Work item: Below is a listing. Set down exactly the lines from the one containing "(��δ����)����e��2021��׿�����ذ�װ" through the one containing "گل برای تبریک شروع هتل", both ends included, and leave out the rest.

Data for the task:
------------------------------------------------------------------------

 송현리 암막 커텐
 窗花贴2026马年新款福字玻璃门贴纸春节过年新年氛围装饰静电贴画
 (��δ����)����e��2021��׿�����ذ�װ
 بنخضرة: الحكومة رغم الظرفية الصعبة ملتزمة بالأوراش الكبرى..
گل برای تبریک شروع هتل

------------------------------------------------------------------------

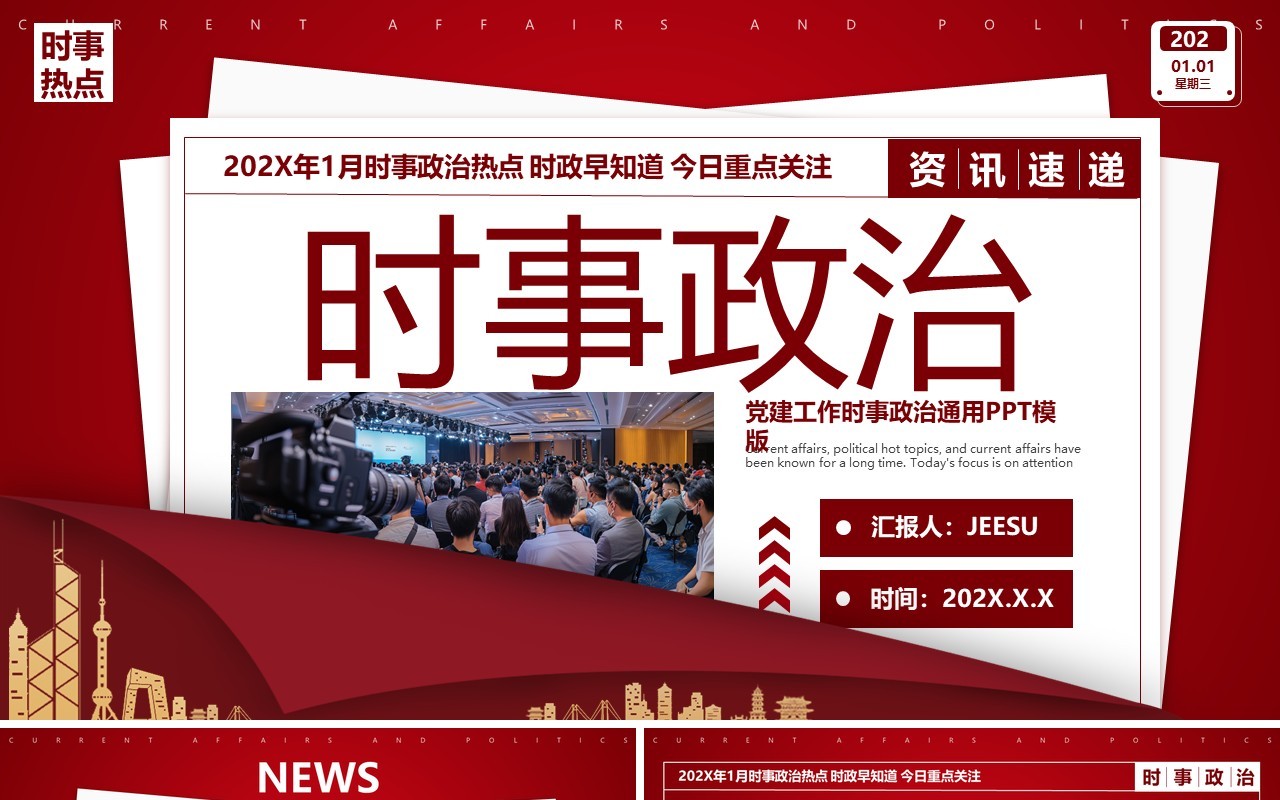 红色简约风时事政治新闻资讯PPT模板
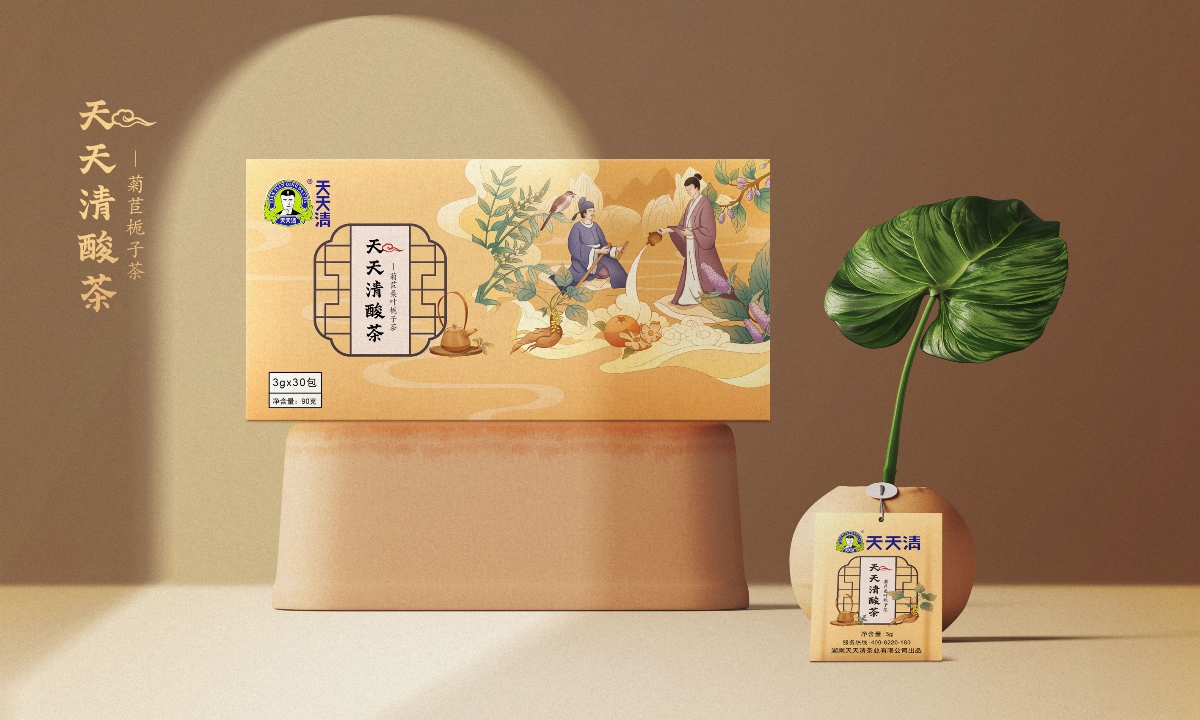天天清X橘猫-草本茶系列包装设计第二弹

------------------------------------------------------------------------

Problem solution:
 (��δ����)����e��2021��׿�����ذ�װ
 بنخضرة: الحكومة رغم الظرفية الصعبة ملتزمة بالأوراش الكبرى..
گل برای تبریک شروع هتل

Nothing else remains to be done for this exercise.